Friday, February 14, 2014

#45 / That Ridiculously Resilient Ridge



I celebrated the rain when it came last week. I will celebrate it again, whenever it returns. In the meantime, California is facing the worst drought in recorded history, and the blame, it appears, comes from a "ridiculously resilient ridge" of atmospheric high pressure off the West Coast, deflecting storm systems away from California and the other western states. The picture above, of the snowpack in the Sierra, as of January 3rd, should let us know we have a problem. 

I learned a lot at the 10th Annual Water Law Symposium held last weekend at Hastings College of the Law, in San Francisco. Among other things, I learned that global warming models, derived quite a few years ago, predicted that with the melting of ice in the Arctic a high-pressure ridge would develop exactly where that "ridiculously resilient ridge" is now located. In other words, while our historic drought may or may not be totally dependent on global warming, global warming has played an important part in our current water woes.

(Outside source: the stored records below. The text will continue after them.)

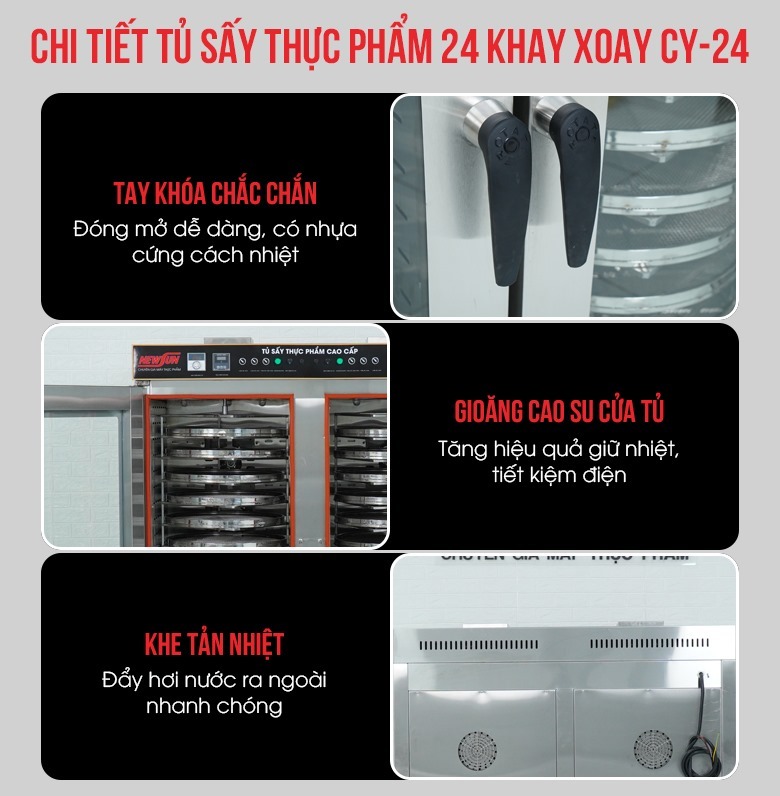 Các chi tiết máy sấy thực phẩm 24 khay xoay CY-24 cao cấp Các chi tiết máy sấy thực phẩm 24 khay xoay CY-24 cao cấp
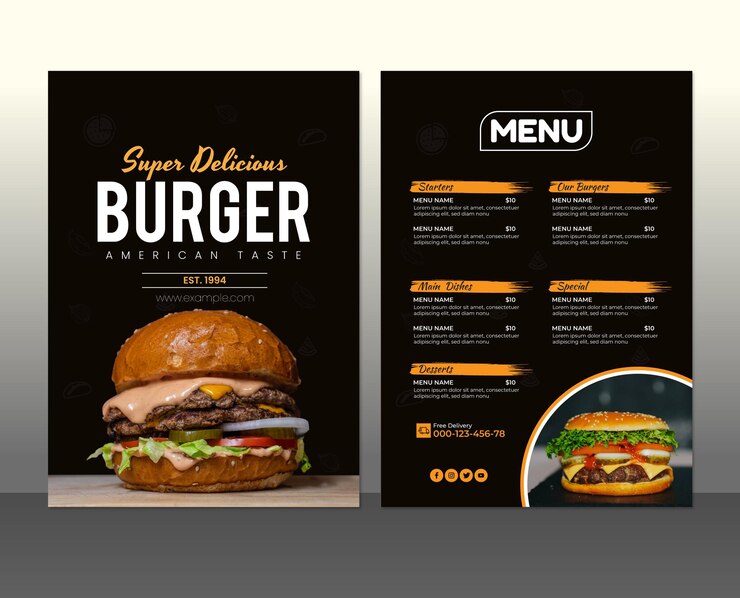 Diseño de plantilla de menú de restaurante de hamburguesas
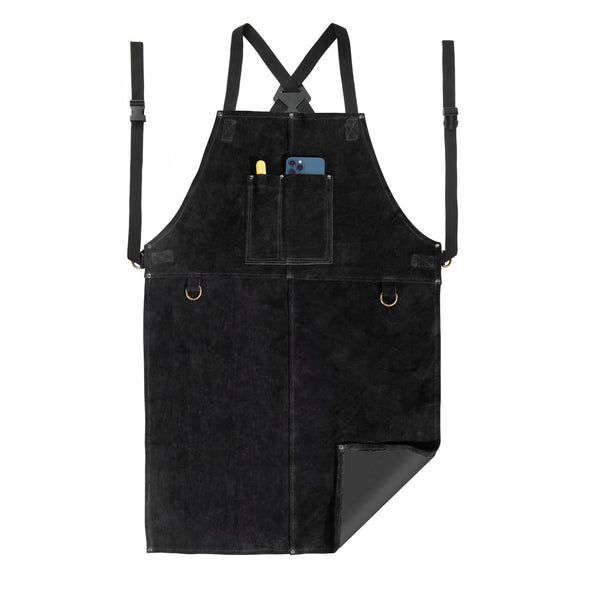 LeaSeek Cowhide Welding Work Apron, Heat Resistant & Flame Resistant adjustable Apron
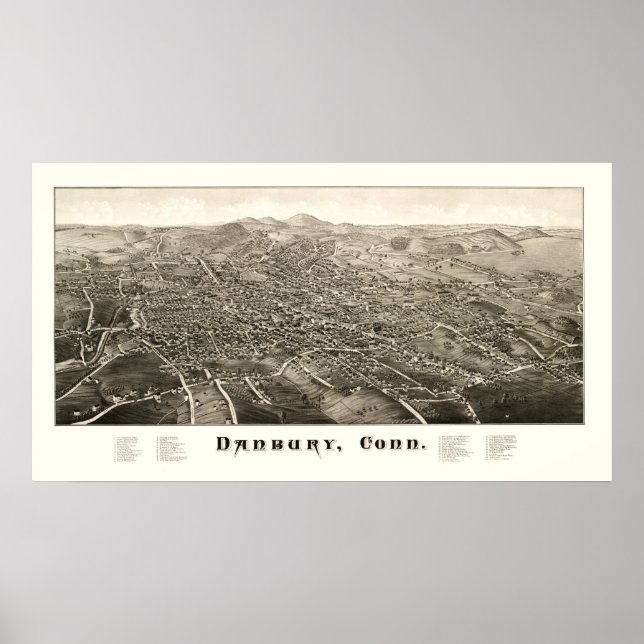 Póster Mapa de Danbury, Connecticut, de 1876 (Frente)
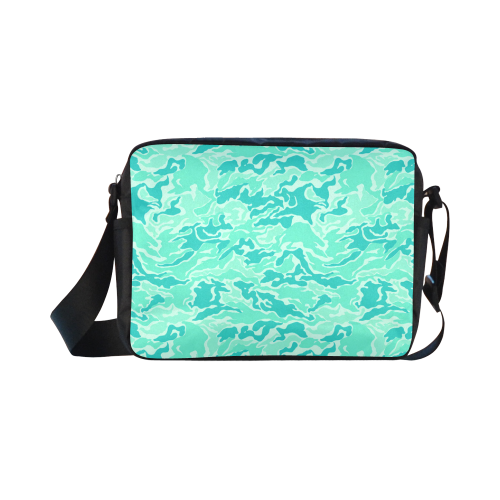 Camo Turquoise Camouflage Pattern Print Classic Cross-body Nylon Bags (Model 1632)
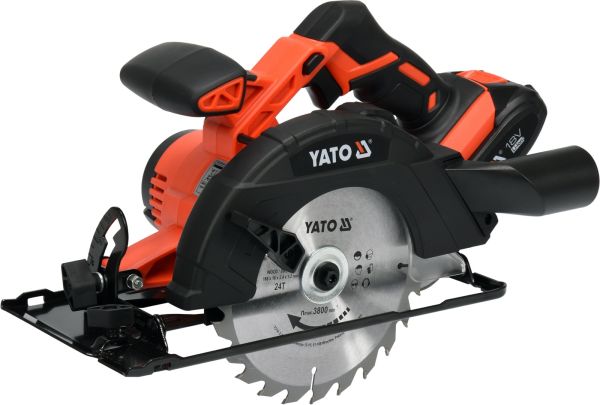 Yato Cordless Circular Saw 165mm 18V w/1x2.0Ah Battery & Quick Charger Color Box YT-82810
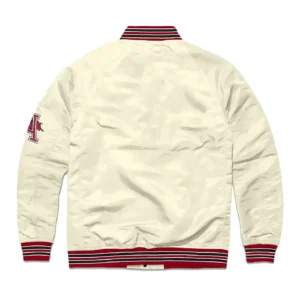 Alternative view of Razorback Graduate Bomber Cream Satin Varsity Jacket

Perhaps it will all work out. Maybe that "ridiculously resilient ridge" of high pressure air will dissipate and disappear. Maybe we have nothing to worry about.

On the other hand, however "ridiculous" it might seem, it may be that this "resilient ridge" is now going to be a permanent feature of the World of Nature, in our neighborhood. If that turns out to be true, the picture above may reflect a "big" snow season at Lake Tahoe. 

Ridiculous?

I am not laughing. 


Image Credit:
http://www.pe.com/local-news/local-news-headlines/20140124-weather-ridiculously-resilient-ridge-blocking-much-needed-rain-snow.ece

1 comment:

  1. I'm not familiar with this global climate model projection. (Models do not predict, they can only project from current conditions possible scenarios for later confirmation by observation.)

    Do you have the citation for this claim?

    The Pacific high pressure ridge is known historically as a function of ENSO variability. It can never become a permanent feature of the world of nature, as Arctic ice is returning quickly and will never (in human time scale) disappear completely.